Geological modeling inherently entails substantial uncertainty, yielding large ensembles of equiprobable 3D reservoir models—rendering exhaustive numerical simulation computationally infeasible. To address this challenge, we present the first reality-based interaction (RBI) virtual reality (VR) system specifically designed for geological uncertainty analysis. The system enables reservoir engineers to efficiently identify representative models within an immersive spatial environment using natural interactions—including gesture-based manipulation and viewpoint-dependent lenses. Uniquely integrating spatial cognition theory with reservoir engineering practice, we derive a set of VR interface design guidelines tailored to industrial workflows. Evaluated by 12 domain-expert petroleum engineers, the system significantly improves both the efficiency of representative model discrimination and cross-role collaborative understanding. Furthermore, the study yields seven reusable, empirically grounded design principles for immersive reservoir analytics interfaces.
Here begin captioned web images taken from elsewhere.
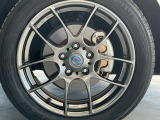 日産純正17インチアルミホイール。高品質な鍛造(たんぞう)ホイールを作るメーカーとして知られるBBS(ビービーエス」。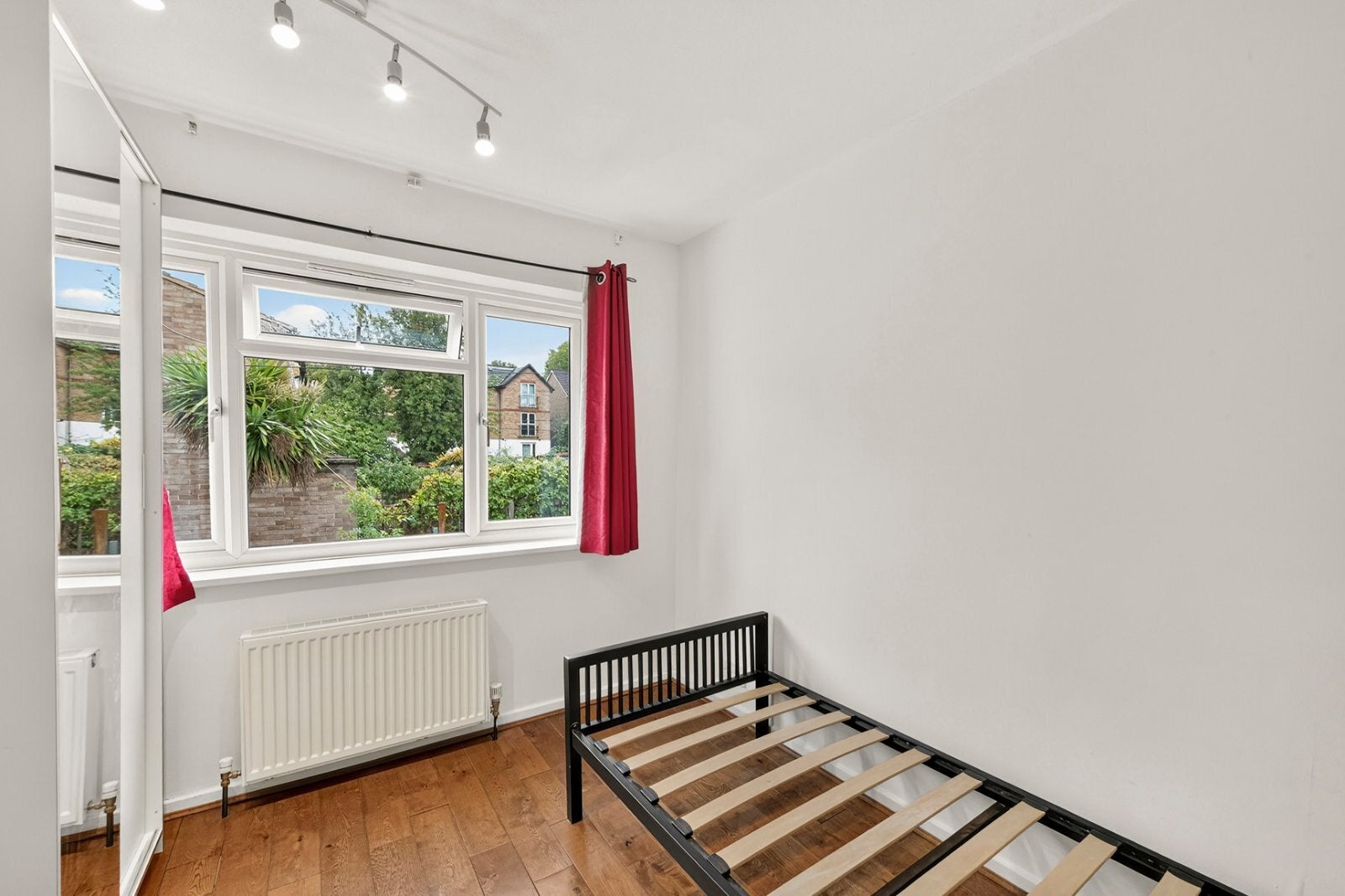 House Chartfield Avenue in Greater London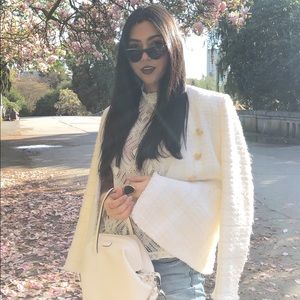 Meet your Posher, Laura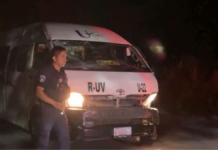 Unidad de transporte arrolla a cinco policías y un civil en Teteles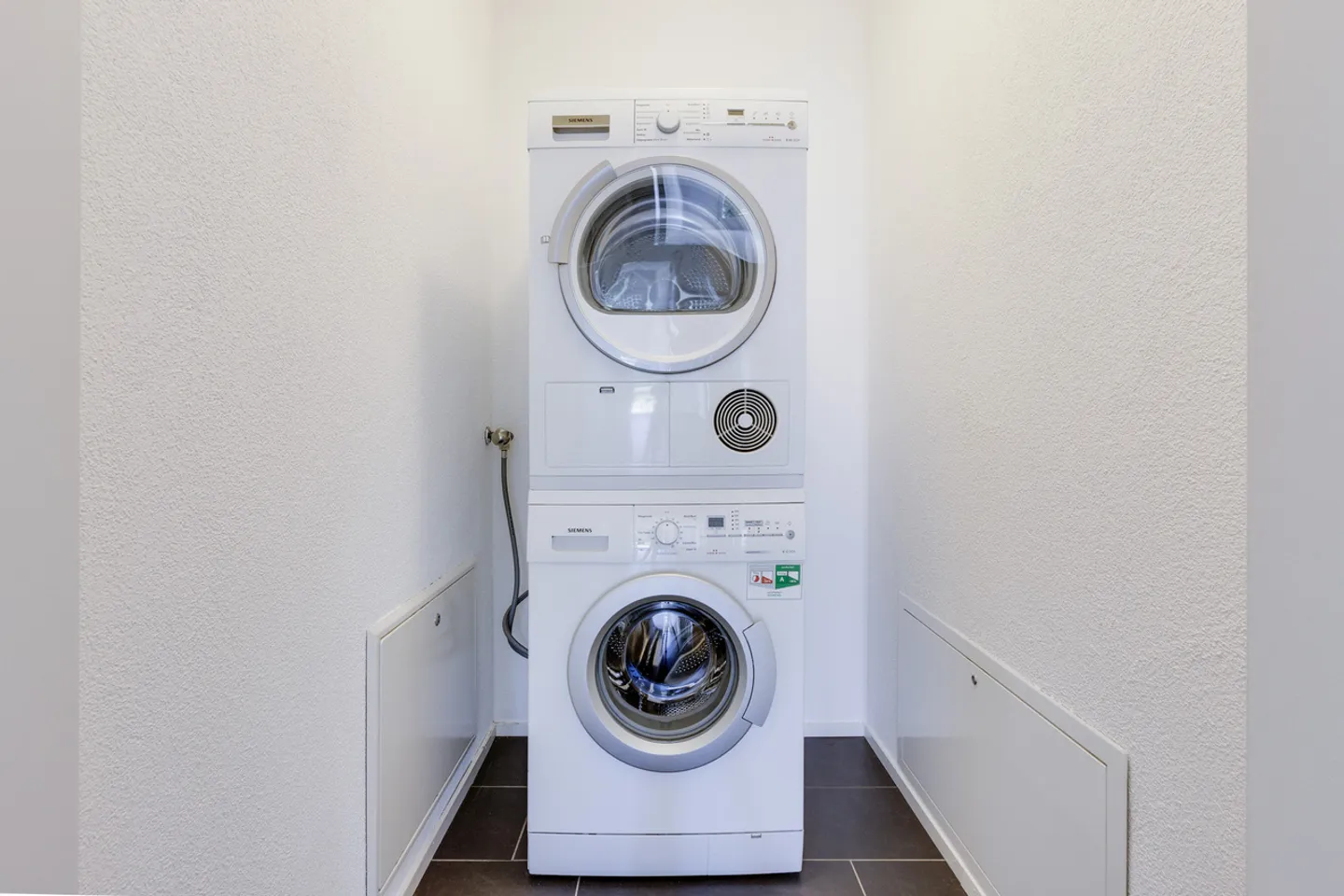 Geräumige moderne Wohnung mit Balkon - Foto 7 von 9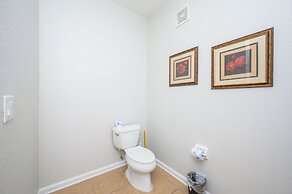 Beautiful Vista Cay Lakeview Condo - 1019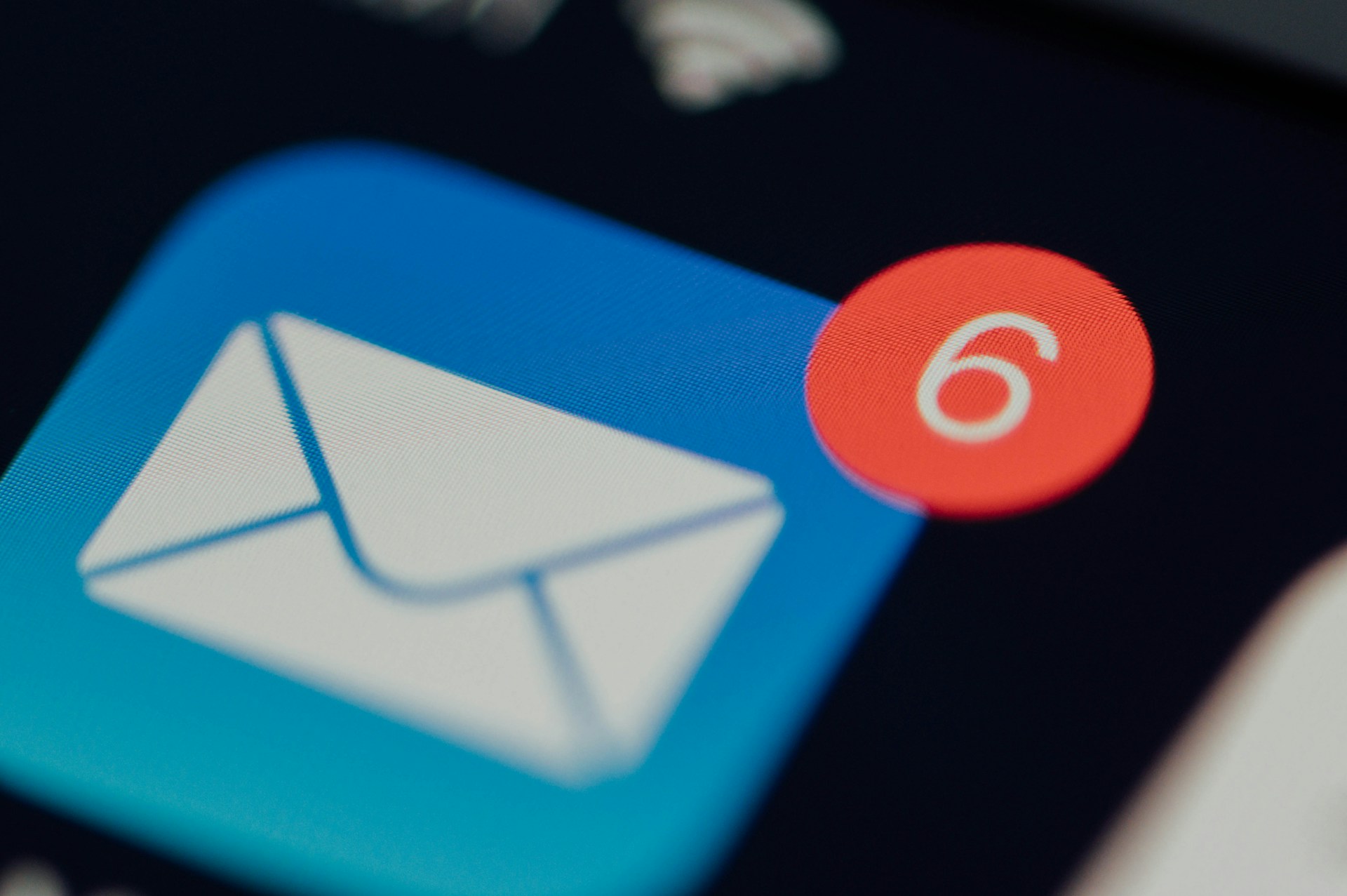 Nahaufnahme einer E-Mail-App auf einem Gerät | Quelle: Unsplash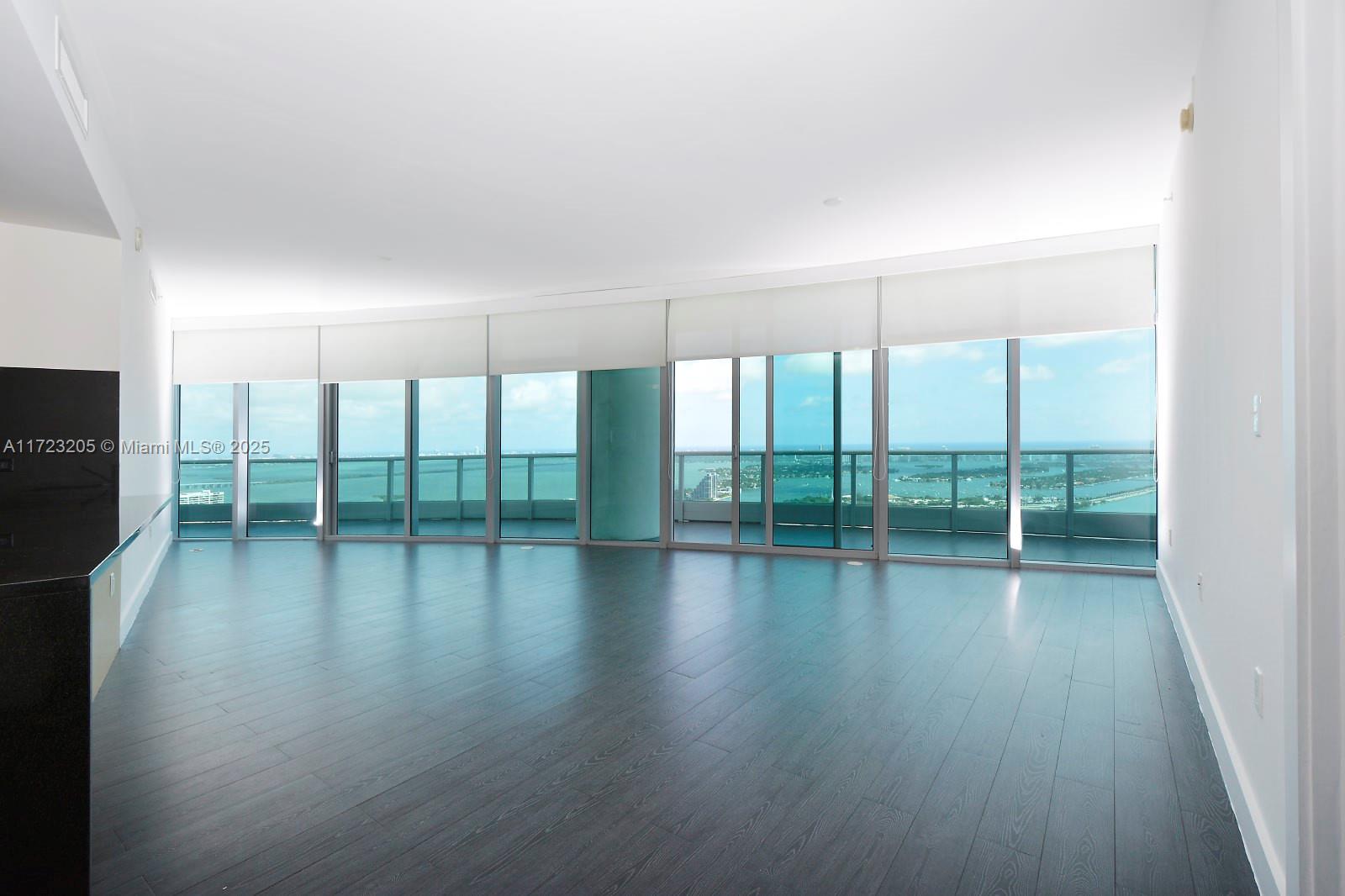 900 Biscayne Blvd #5606, Miami FL 33132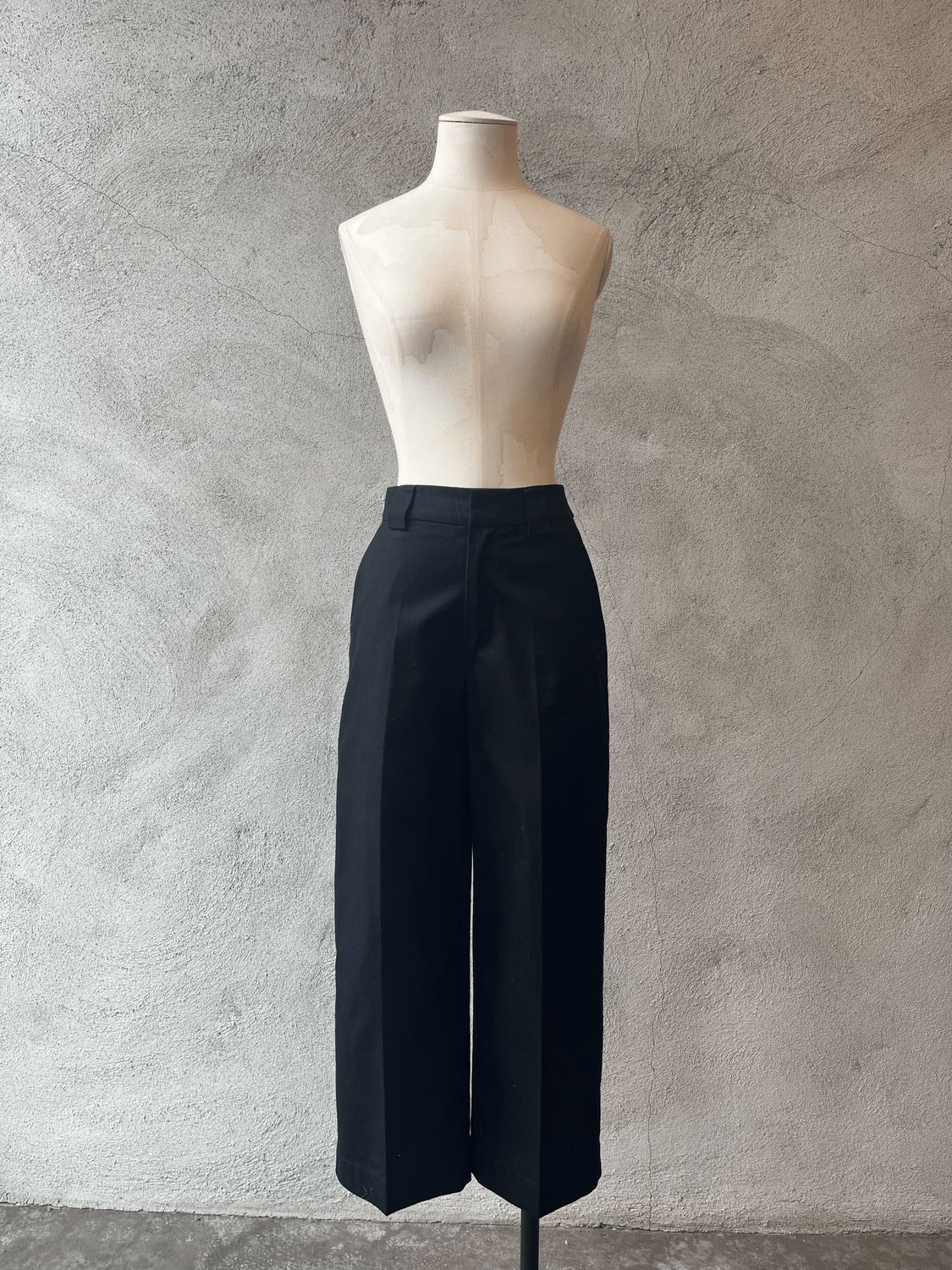43857 Chino Straight Trousers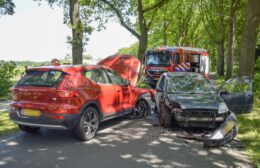 Auto’s botsen in Nieuw-Roden Video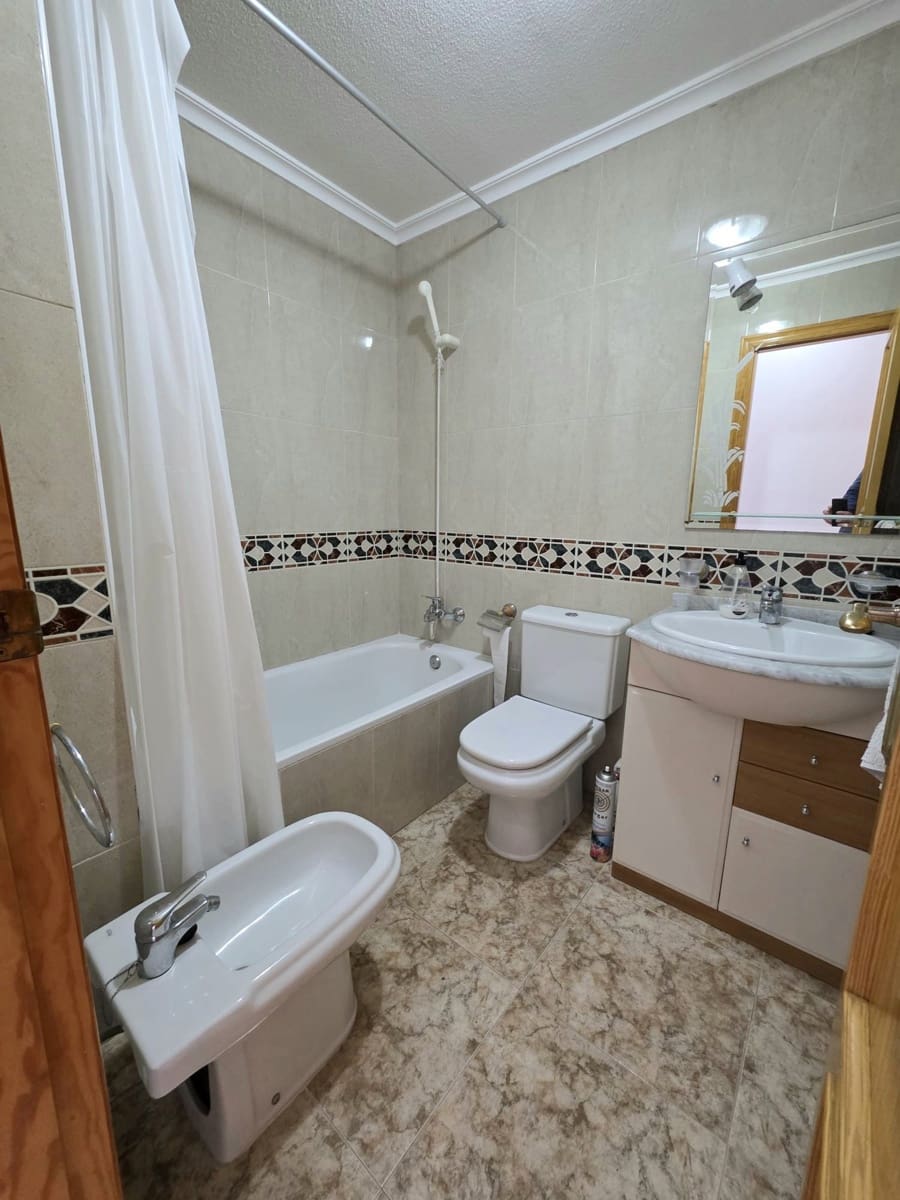 3 makuuhuone Huoneisto myytävänä paikassa Torrevieja - 245 000 € (Ref: 9640711)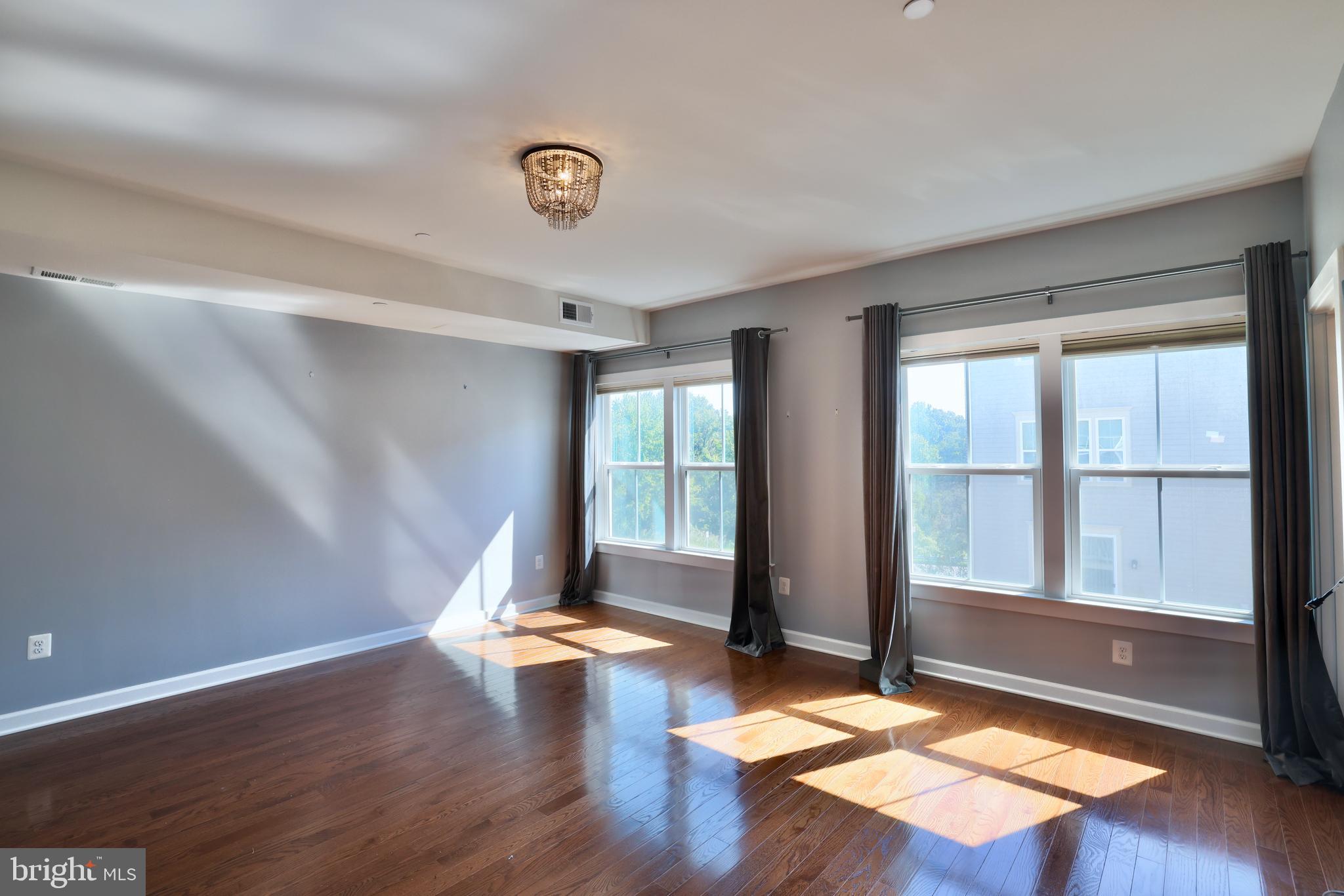 GREENBELT STATION - Residential Lease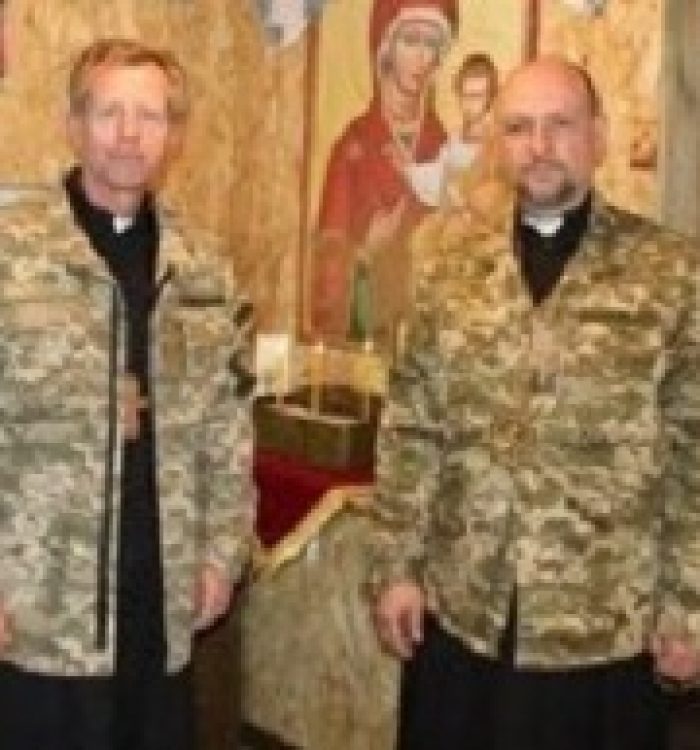 “Я бачив там надію”, – військовий капелан після повернення із зони АТО (відео)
Inherent uncertainty in geological data acquisition leads to the generation of large ensembles of equiprobable 3D reservoir models. Running computationally costly numerical flow simulations across such a vast solution space is infeasible. A more suitable approach is to carefully select a small number of geological models that reasonably capture the overall variability of the ensemble. Identifying these representative models is a critical task that enables the oil and gas industry to generate cost-effective production forecasts. Our work leverages virtual reality (VR) to provide engineers with a system for conducting geological uncertainty analysis, enabling them to perform inherently spatial tasks using an associative 3D interaction space. We present our VR system through the lens of the reality-based interaction paradigm, designing 3D interfaces that enable familiar physical interactions inspired by real-world analogies-such as gesture-based operations and view-dependent lenses. We also report an evaluation conducted with 12 reservoir engineers from an industry partner. Our findings offer insights into the benefits, pitfalls, and opportunities for refining our system design. We catalog our results into a set of design recommendations intended to guide researchers and developers of immersive interfaces-in reservoir engineering and broader application domains.